-- RECORDS PROVIDED --
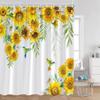 Sunflower Floral Shower Curtains Spring Plants Birds Butterfly Green Leaves Bathroom Curtain Modern Polyester Fabric Bath Decor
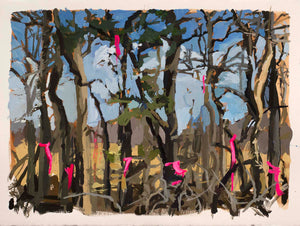 Artsuite - Jason Mitcham - Study for Survey Tape at Clearing Edge - Jason Mitcham uses the visual language of land use and mapping to explore moments of transition in the landscape. Survey flagging and other elements foreshadow imminent development, while depictions of maps become pictorial devices that interrupt the image as seen from eye-level.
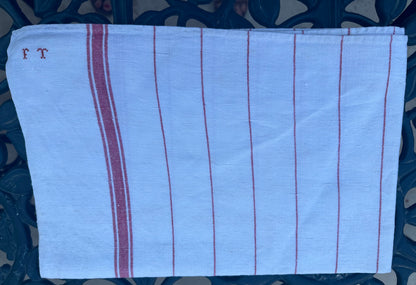 Linen Tea Towel w Red Stripes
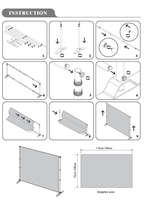 Support de toile de fond télescopique réglable 8x8ft/8x10ft, kit de stand portable pour impression personnalisée avec sac de transport pour toile de fond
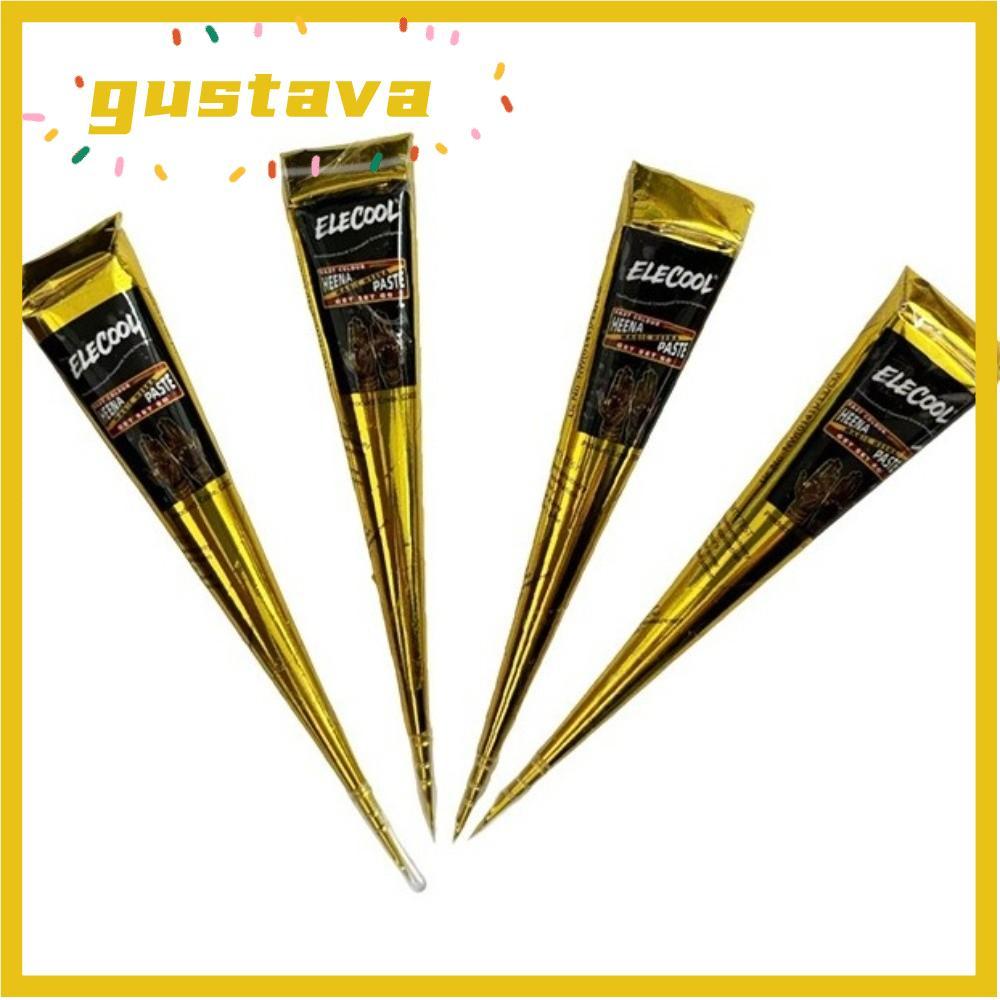 GUSTAVA Henna Tattoo Cream, Bán vĩnh viễn Dễ sử dụng Henna Paste Cone, Body Art Black Brown Tạm thời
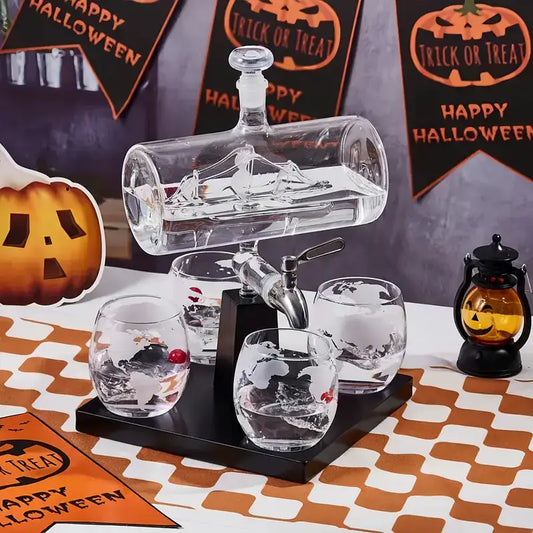 Maritime sailboat whiskey decanter with glass set on a black stand and four crystal tumblers on Tampa Home & Garden Store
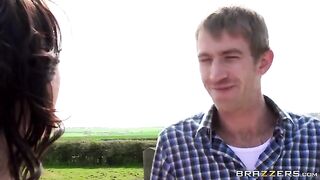 A juicy beauty was fucked by a guy on a haystack in a steamy scene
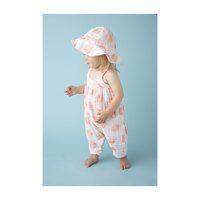 Muslin Romper with Bow Back, Peach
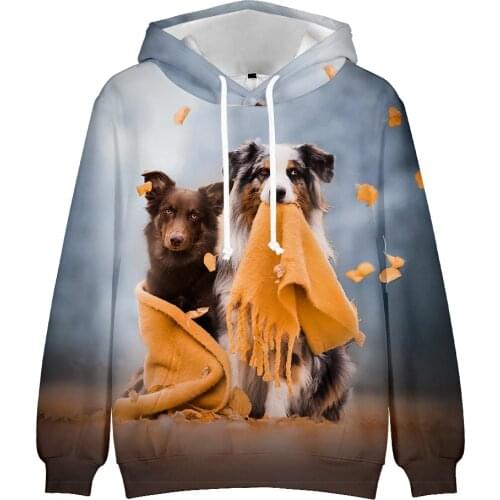 3D Printed Lovely Dog Hoodies Men Women Sweatshirts Fashion Long Sleeve Hooded Casual Streetwear Funny Animal Boys Girls Outwear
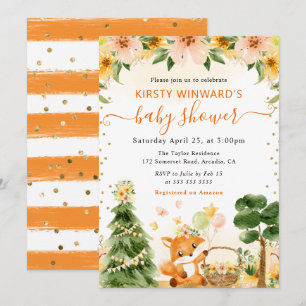 Waterverf Mooie Bloemige Vos Baby Shower Kaart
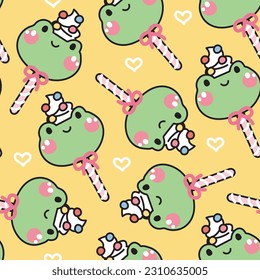 Seamless pattern of cute frog candy with heart on yellow background.Reptile animal.Image for card,poster,baby clothing.Kawaii.Vector.Illustration.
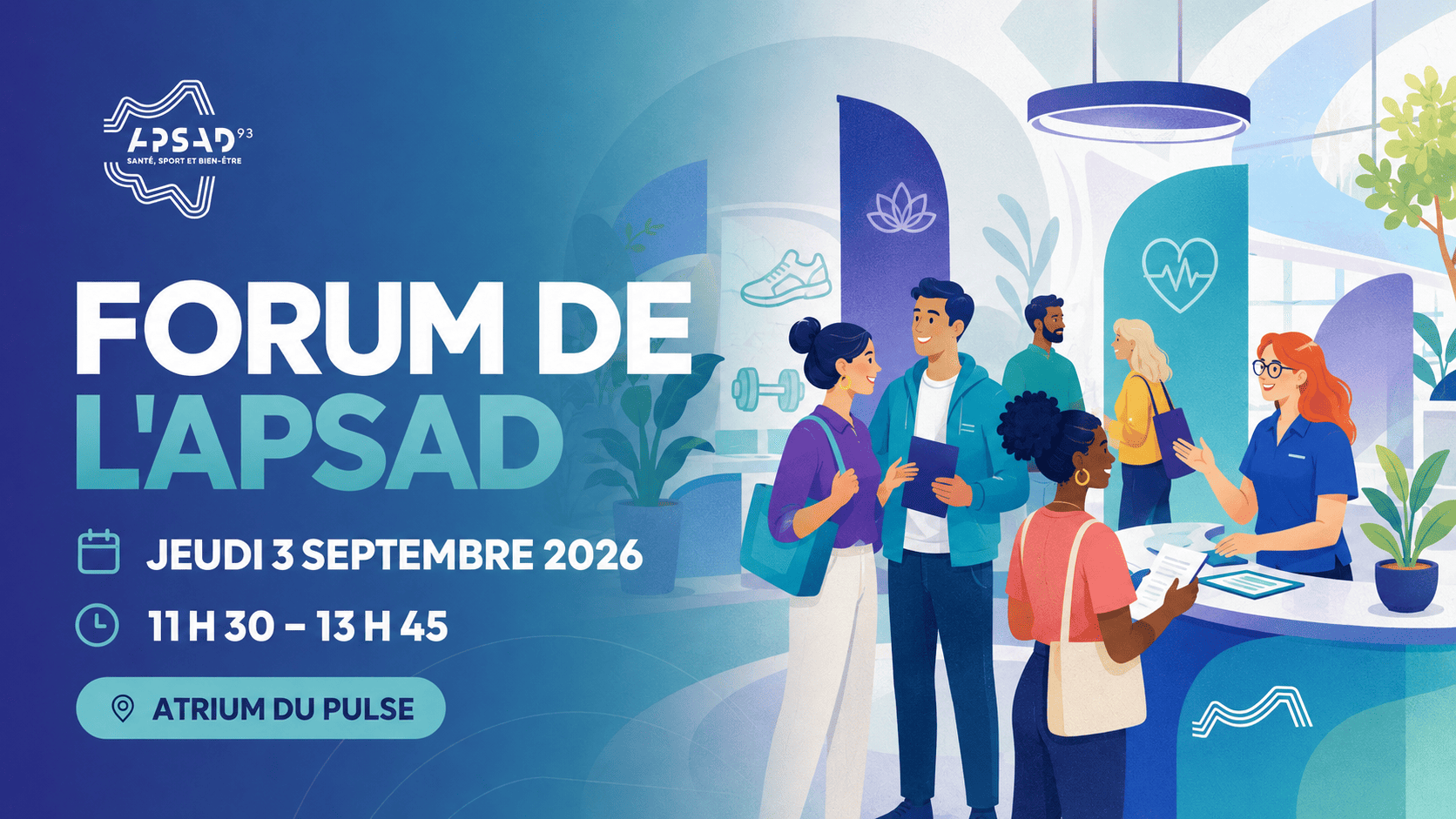 Forum de l’APSAD 93 le jeudi 3 septembre 2026 à l’Atrium du Pulse, avec une démonstration sportive collective.
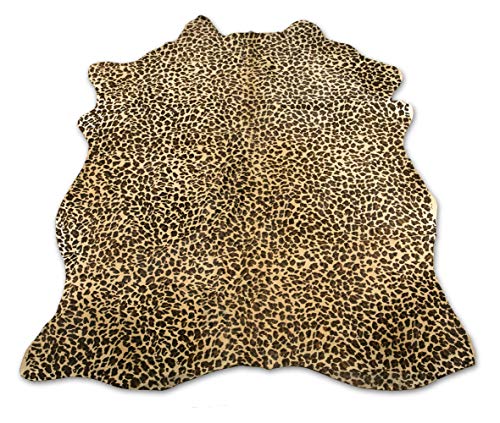 Zerimar Alfombra Piel de Vaca Natural Teñida Leopardo | Medidas: 215x155 cm | Alfombra Salón | Alfombra Decoracion | Alfombra Dormitorio | Alfombra Natural
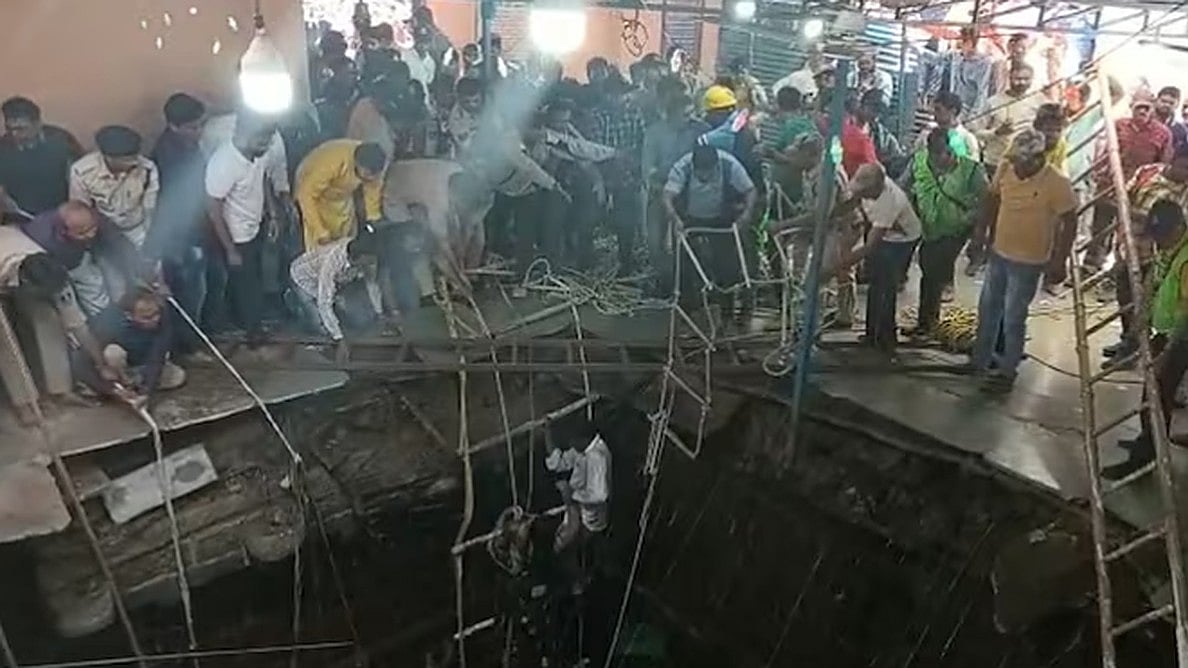 Watch: Woman falls back into well during the rescue operation in Indore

-- WHAT YOU SHOULD DO --
Transcribe every line of the listing above exactly; skip the pictures.

-- YOUR RESPONSE --
 Sunflower Floral Shower Curtains Spring Plants Birds Butterfly Green Leaves Bathroom Curtain Modern Polyester Fabric Bath Decor
 Artsuite - Jason Mitcham - Study for Survey Tape at Clearing Edge - Jason Mitcham uses the visual language of land use and mapping to explore moments of transition in the landscape. Survey flagging and other elements foreshadow imminent development, while depictions of maps become pictorial devices that interrupt the image as seen from eye-level.
 Linen Tea Towel w Red Stripes
 Support de toile de fond télescopique réglable 8x8ft/8x10ft, kit de stand portable pour impression personnalisée avec sac de transport pour toile de fond
 GUSTAVA Henna Tattoo Cream, Bán vĩnh viễn Dễ sử dụng Henna Paste Cone, Body Art Black Brown Tạm thời
 Maritime sailboat whiskey decanter with glass set on a black stand and four crystal tumblers on Tampa Home & Garden Store
 A juicy beauty was fucked by a guy on a haystack in a steamy scene
 Muslin Romper with Bow Back, Peach
 3D Printed Lovely Dog Hoodies Men Women Sweatshirts Fashion Long Sleeve Hooded Casual Streetwear Funny Animal Boys Girls Outwear
 Waterverf Mooie Bloemige Vos Baby Shower Kaart
 Seamless pattern of cute frog candy with heart on yellow background.Reptile animal.Image for card,poster,baby clothing.Kawaii.Vector.Illustration.
 Forum de l’APSAD 93 le jeudi 3 septembre 2026 à l’Atrium du Pulse, avec une démonstration sportive collective.
 Zerimar Alfombra Piel de Vaca Natural Teñida Leopardo | Medidas: 215x155 cm | Alfombra Salón | Alfombra Decoracion | Alfombra Dormitorio | Alfombra Natural
 Watch: Woman falls back into well during the rescue operation in Indore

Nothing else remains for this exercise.